Document processing

Get any PDF in; get any office doc out.

Most maritime documents arrive as PDFs — many of them scans with no text layer — and traditional extractors flatten tables, drop diagrams, and lose the page a line came from. Document processing covers both directions: vision-based ingestion that keeps structure intact, and office generation for the DOCX / PDF / XLSX / PPTX a report has to ship as.

vision OCRtable-preservingtiled extractionsearch index

docx · pdf · xlsx · pptx

Two directions

Ingest:   PDF  →  vision  →  structured markdown + search index
Produce:  data →  docx · pdf · xlsx · pptx

Ingest — render each page, run a layout-aware vision model, stitch structured markdown back together with page images embedded.
Produce — generate and edit office documents (tracked changes, comments, formulas) via the Anthropic document skills.

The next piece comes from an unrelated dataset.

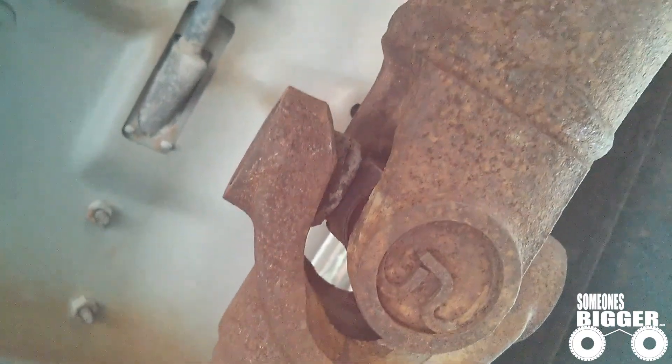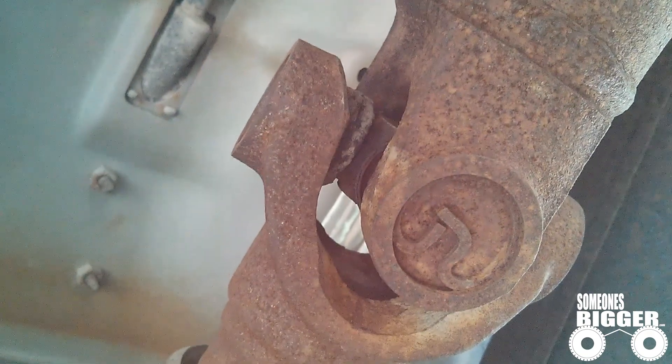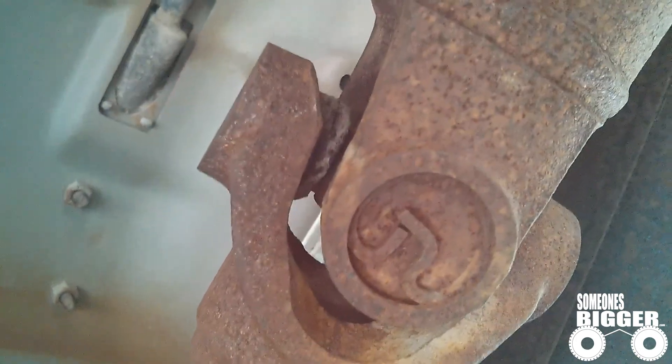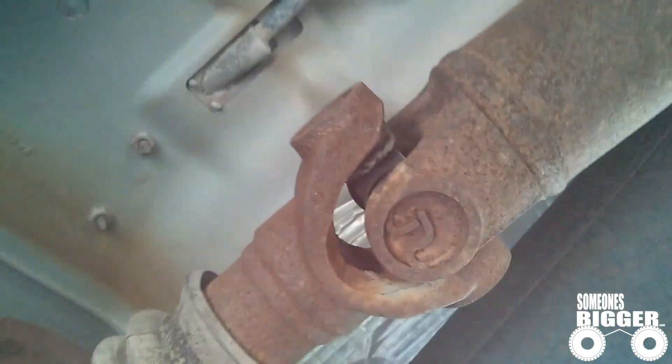The biggest characteristic of a bad universal joint is that you'll be able to move your two joining pieces not in sync. There's a lot of play in this, and that is horrible. I'm going to have to replace that — I'll probably throw a new one on today. So that's a bad universal joint right there.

Key concept — why vision-based ingestion

Text-layer PDFs lose their layout the moment a traditional tool extracts them, and a large share of maritime documents are scans with no text layer at all. Running vision over the rendered page captures tables, diagrams and forms regardless of how the PDF was produced — so an engineer can still read the drawing in the converted output.

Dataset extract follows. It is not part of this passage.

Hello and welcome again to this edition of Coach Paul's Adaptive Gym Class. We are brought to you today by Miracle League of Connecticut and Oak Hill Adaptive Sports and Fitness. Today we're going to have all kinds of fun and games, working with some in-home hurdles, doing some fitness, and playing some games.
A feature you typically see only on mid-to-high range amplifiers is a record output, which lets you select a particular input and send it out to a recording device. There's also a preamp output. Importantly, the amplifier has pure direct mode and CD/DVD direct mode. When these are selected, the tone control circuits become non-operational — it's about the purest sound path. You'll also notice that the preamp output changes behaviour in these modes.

Two PDF extractors — bulk vs precision

	PDF to Markdown	PDF Vision Extractor
Purpose	Bulk indexing for search	Accurate Q&A on specific pages
Processing	Whole-page vision, parallel	Tiled vision with overlap
Accuracy	Good — fast at scale	Highest — recovers fine detail
Output	Per-page markdown + search index	One consolidated markdown
Use when	”Index this folder of circulars"	"What does this diagram show?”

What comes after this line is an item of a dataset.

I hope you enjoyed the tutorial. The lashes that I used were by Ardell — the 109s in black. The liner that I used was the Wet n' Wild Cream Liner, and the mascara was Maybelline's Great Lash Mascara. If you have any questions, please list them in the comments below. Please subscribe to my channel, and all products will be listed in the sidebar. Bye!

Worked example — circulars in, answer out

“Index this folder” → PDF to Markdown converts every PDF in the tree in parallel and builds one keyword index.
“What are the maintenance intervals on page 7?” → PDF Vision Extractor renders that page at high resolution, tiles it, and reads the dense table other extractors garble.
The converted library then feeds Search Indexed Documents for evidence-first retrieval.

Under the hood

What ingestion preserves

Tables — column structure and cell alignment, not flattened text
Diagrams — embedded as page images so engineers can still read them
Forms — field labels and values kept paired
Layout — heading hierarchy, lists, captions
Page numbers — every line traces back to its source page

Modes

PDF to Markdown — single PDF · folder (recursive, unified index) · index-only rebuild. PDF Vision Extractor — single page · page range · query mode (extract and answer a focused question in one step).

Tiling is what buys the precision: whole-page vision tends to summarise and miss small text, fine cells and drawing dimensions. Splitting into overlapping tiles forces the model to attend to local detail — slower, but acceptable for a few critical pages.

Office generation — the Anthropic document skills

The “produce” half wraps the official Anthropic docx · pdf · pptx · xlsx skills — read, modify and generate office files with tracked changes, comments and formulas intact.